This information is included in the data gathered by step 1102 and
is used in the decisions made by steps 1103 and 1104. In a
preferred embodiment, these decisions are based in part on patterns
in the history gathered by step 1111, with the patterns being
recognized by learning coach 101 in FIG. 1B. This decision process
based on recognition of patterns in the progress of the learning
procedure is described in more detail in association with FIG.
12.
[0118] Returning now to the postponed discussion of step 1106, one
of the actions that can be taken based on the gradient change
statistics gathered by step 1111 and on other statistics, is to
make a change in the network, for example by adding a node to the
network in step 1106. The decision to change the network can be
made at any time, for any of several reasons. For example, step
1202 of FIG. 12 may detect a pattern that indicates an opportunity
to accelerate learning or to improve performance by adding a
special node. For example, step 1202 may detect an opportunity to
improve the performance on a particular data item or an opportunity
to improve the discrimination between a particular pair data items.

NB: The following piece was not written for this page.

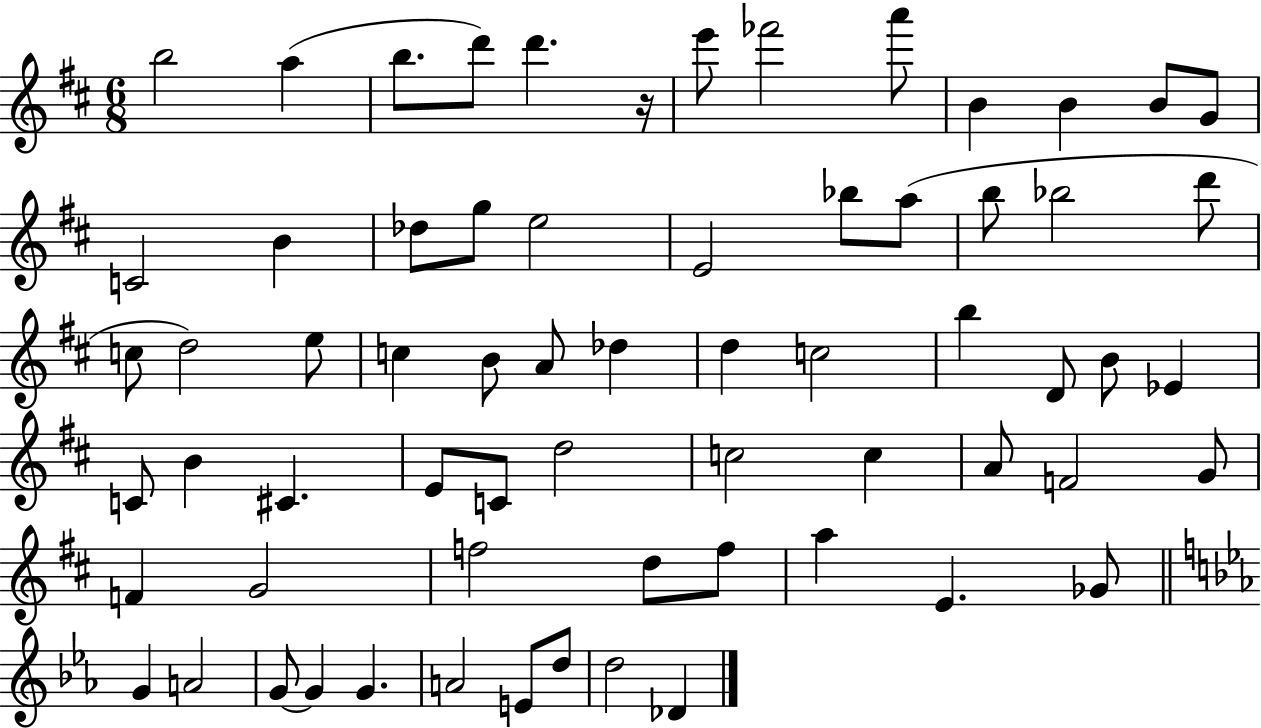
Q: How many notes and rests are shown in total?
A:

Preferably, step 1202 looks for such opportunities when it detects
a pattern of slow learning progress or when learning coach 101 of
FIG. 1B detects a problem. In a preferred embodiment, the special
node to be added may be either a template node, initialized by
one-shot learning from a single data item, or a discrimination
node, initialized by one-shot learning from a pair of data items.

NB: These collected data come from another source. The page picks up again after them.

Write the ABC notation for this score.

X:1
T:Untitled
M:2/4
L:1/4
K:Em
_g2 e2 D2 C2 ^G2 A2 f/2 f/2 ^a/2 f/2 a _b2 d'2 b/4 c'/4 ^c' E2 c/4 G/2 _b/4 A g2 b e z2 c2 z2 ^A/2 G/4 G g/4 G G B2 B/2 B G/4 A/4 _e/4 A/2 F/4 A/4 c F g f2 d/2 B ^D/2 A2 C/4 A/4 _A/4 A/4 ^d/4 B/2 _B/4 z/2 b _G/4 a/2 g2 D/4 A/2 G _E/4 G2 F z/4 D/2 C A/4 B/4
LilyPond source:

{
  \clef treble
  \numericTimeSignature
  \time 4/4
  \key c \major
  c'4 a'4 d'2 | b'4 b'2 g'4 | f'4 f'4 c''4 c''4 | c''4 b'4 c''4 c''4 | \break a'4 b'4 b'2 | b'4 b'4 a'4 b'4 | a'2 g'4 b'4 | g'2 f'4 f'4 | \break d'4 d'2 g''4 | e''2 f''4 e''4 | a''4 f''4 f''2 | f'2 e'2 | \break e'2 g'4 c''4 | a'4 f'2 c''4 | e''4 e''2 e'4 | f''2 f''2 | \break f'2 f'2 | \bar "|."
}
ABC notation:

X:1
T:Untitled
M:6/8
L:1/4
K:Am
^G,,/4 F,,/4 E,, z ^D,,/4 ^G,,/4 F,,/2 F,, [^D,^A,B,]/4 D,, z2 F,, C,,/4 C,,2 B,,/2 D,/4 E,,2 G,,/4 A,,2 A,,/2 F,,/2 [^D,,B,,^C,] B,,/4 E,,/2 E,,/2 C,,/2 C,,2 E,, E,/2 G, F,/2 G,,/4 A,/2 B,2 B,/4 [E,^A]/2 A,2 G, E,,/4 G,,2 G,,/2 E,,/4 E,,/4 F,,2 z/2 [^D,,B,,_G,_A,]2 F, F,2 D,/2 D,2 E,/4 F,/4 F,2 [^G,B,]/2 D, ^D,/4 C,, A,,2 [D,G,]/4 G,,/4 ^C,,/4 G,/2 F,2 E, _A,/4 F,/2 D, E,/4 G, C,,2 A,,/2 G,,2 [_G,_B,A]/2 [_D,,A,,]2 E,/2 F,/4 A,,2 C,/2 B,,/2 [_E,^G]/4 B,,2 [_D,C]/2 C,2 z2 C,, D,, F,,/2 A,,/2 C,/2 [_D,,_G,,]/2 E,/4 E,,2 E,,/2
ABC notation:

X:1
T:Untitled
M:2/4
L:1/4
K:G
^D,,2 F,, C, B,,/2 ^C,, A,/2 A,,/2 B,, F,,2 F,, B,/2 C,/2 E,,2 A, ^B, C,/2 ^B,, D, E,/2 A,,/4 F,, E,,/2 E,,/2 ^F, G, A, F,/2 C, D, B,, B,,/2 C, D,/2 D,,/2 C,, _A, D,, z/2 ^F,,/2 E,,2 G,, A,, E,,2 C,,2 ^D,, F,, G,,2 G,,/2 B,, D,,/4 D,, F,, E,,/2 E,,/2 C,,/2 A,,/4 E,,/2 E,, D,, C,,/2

Adding a node may be done to accelerate the learning because step
1202 detects an opportunity to accelerate learning by immediately
learning something that cannot be learned immediately by gradient
descent. Adding a node may also be done because step 1202 detects
an opportunity to improve performance by escaping from a local
minimum. Adding a node may even escape from the global minimum of
the current network configuration because the global minimum of the
current network might only be a saddle point for the expanded
network. Step 1106 may also change the network by dropping a node,
for example, as indicated by a performance test in step 1205 of
FIG. 12. Preferably the learning phase is reset to the main
learning phase following a change in the network. This network
change decision and the other statistics involved are discussed in
more detail in association with FIG. 12.
[0119] FIG. 11 also estimates the learning phase for
hyperparameters other than the minibatch size and adjusts their
schedule of value changes based on the learning phase. For example,
FIG. 11 estimates the learning phase and the schedule of value
changes for the temperature hyperparameter for the sigmoid and
sigmoid-like activation functions and also for hyperparameters that
have an effect like temperature for other activation functions. In
a preferred embodiment, both the temperature-like hyperparameters
and the asymptotic slope hyperparameters are adjusted on a schedule
aimed at increasing the robustness of the final network by
adjusting the activation function of one or more nodes so as to
create one or more intervals of the range of input values of a node
over which the output value is constant or has a derivative that
approaches zero as the training process converges. In the extreme,
the activation functions of one or more nodes approach piecewise
constant functions. In one aspect, the set of nodes converging to
piecewise constant functions is a cutting set for the network. That
is, for every path from the input to the network to the output of
the network, there is at least one node on that path whose
activation function is converging towards a piecewise constant
function.
[0120] However, since the derivative of a piecewise constant
function is zero except at the points of discontinuity, iterative
training based on gradient descent is not possible. Furthermore,
although gradient descent iterative learning is still possible for
activation functions that have non-zero derivatives while they
approximate a piecewise constant function, the progress of the
learning process slows down as the derivatives of the activation
function approach zero. Therefore, the schedule of adjustments to
the temperature-like and asymptotic slope hyperparameters is
preferably postponed until the last stage of convergence to the
final network, with certain exceptions to be discussed below. That
is, the adjustment of these hyperparameters is postponed until it
has at least tentatively been decided that there will be no further
changes in the network in step 105 or step 106 of FIG. 1A and until
the process of FIG. 11 is in the monotonic improvement for a
stationary point that is tentatively identified as the target for
final convergence. In some aspects, this final convergence phase
may begin any time during a monotonic improvement phase. In other
embodiments, it is further delayed until the minibatch size is the
full training batch.
[0121] If there is a change in the network or a change in the
learning phase of the process in FIG. 11, then in one aspect the
temperature and asymptotic slope hyperparameters revert to their
default values for all nodes, except for nodes that are
specifically exempted. There are several reasons that such an
exempted node might be allowed to train to have one or more
constant value regions in its activation function. In fact, one of
the most popular activation functions, a rectified linear unit
(ReLU), initially and permanently has a constant value of zero for
all input values less than zero. That is, ReLU(x)=0 for all x<0.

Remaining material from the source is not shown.